WHAT IS EXPECTED
From the line containing "USGS 1:24000-SCALE QUADRANGLE" to the last line of the data, both included, transcribe each line exactly, leaving out pictures and adding nothing.

GIVEN DATA
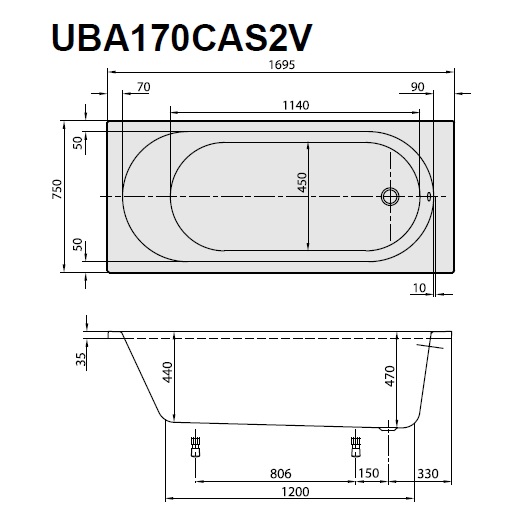 акриловая ванна villeroy & boch o.novo uba170cas2v-01 solo 170х75 см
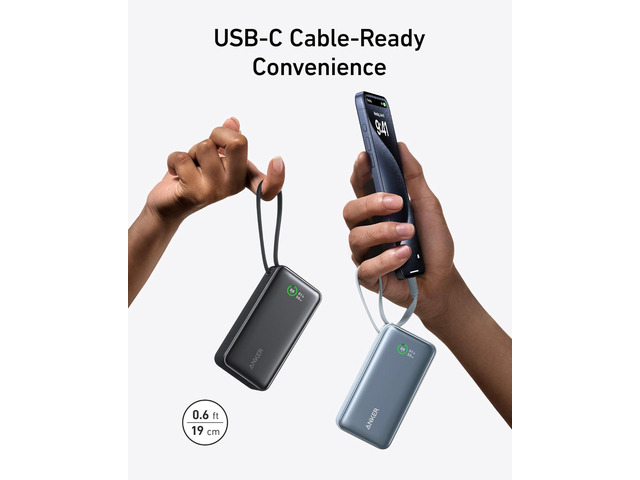 Anker Nano Power Bank, 10,000mAh Portable Charger with Built-in USB-C Cable, 30W Recharging, 30W Max Output with USB-C & A, for iPhone 17/16/15...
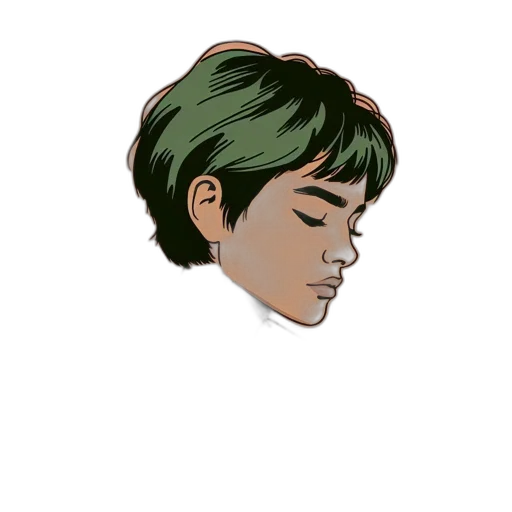 face, hair, mask, staff transparent PNG cut-out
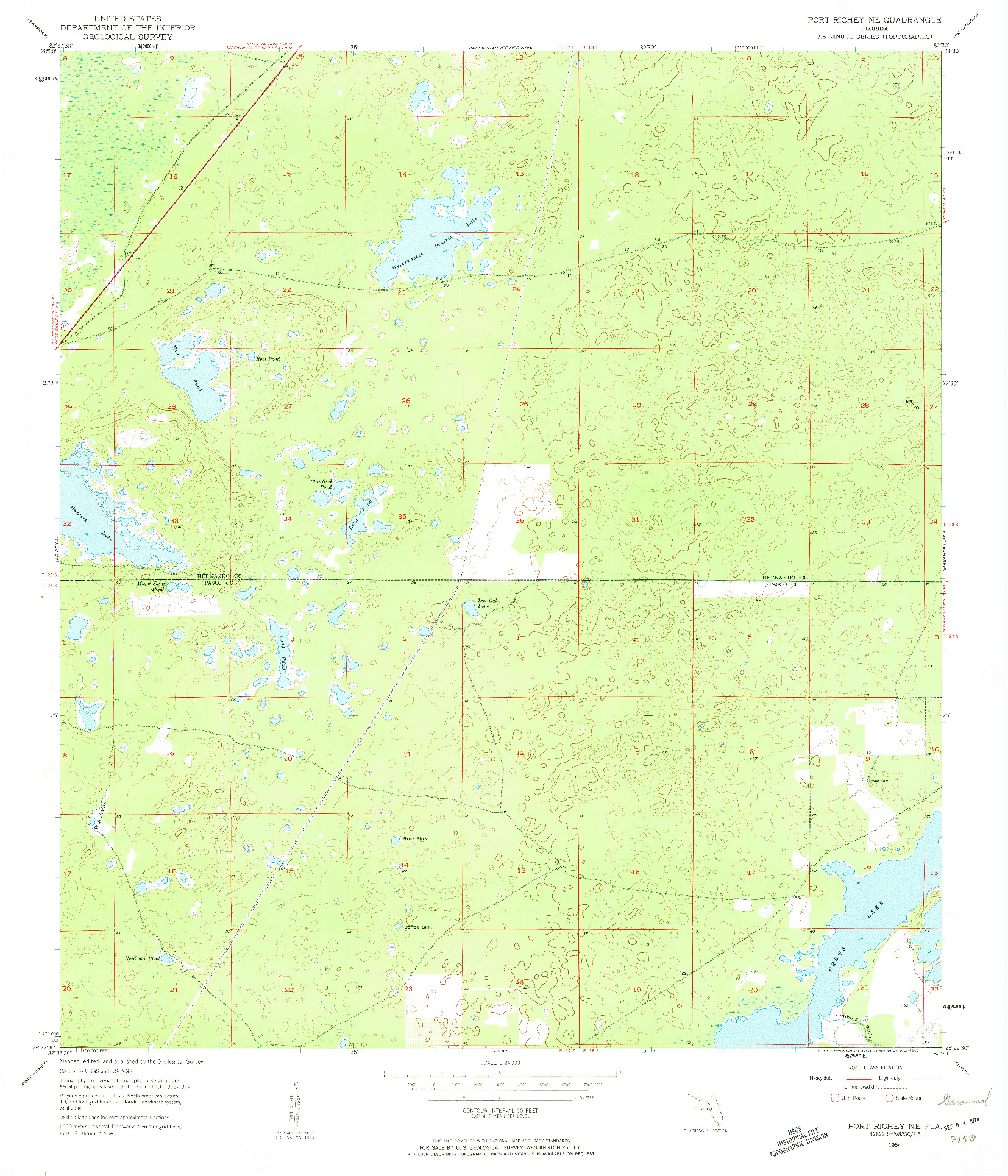 USGS 1:24000-SCALE QUADRANGLE FOR PORT RICHEY NE, FL 1954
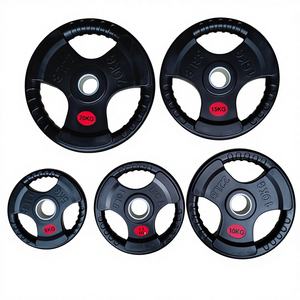 Disques de musculation en caoutchouc à triple grip, plaques de poids en caoutchouc pour haltères, idéales pour la musculation - Meilleures ventes - Product Image 1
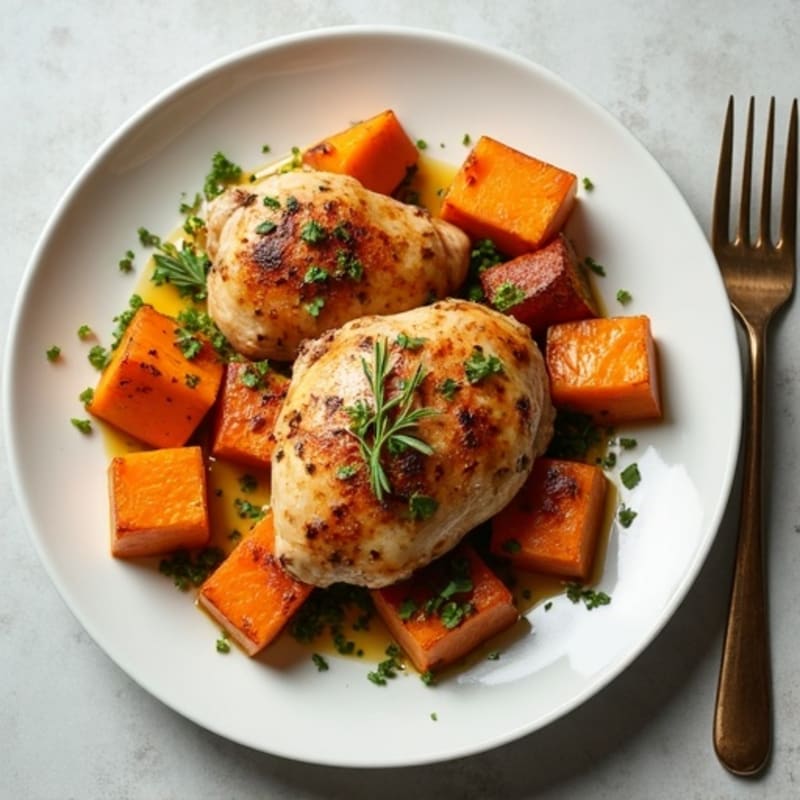 Herb-Roasted Chicken with Garlic Sweet Potatoes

TASK RESPONSE
 USGS 1:24000-SCALE QUADRANGLE FOR PORT RICHEY NE, FL 1954
 Disques de musculation en caoutchouc à triple grip, plaques de poids en caoutchouc pour haltères, idéales pour la musculation - Meilleures ventes - Product Image 1
 Herb-Roasted Chicken with Garlic Sweet Potatoes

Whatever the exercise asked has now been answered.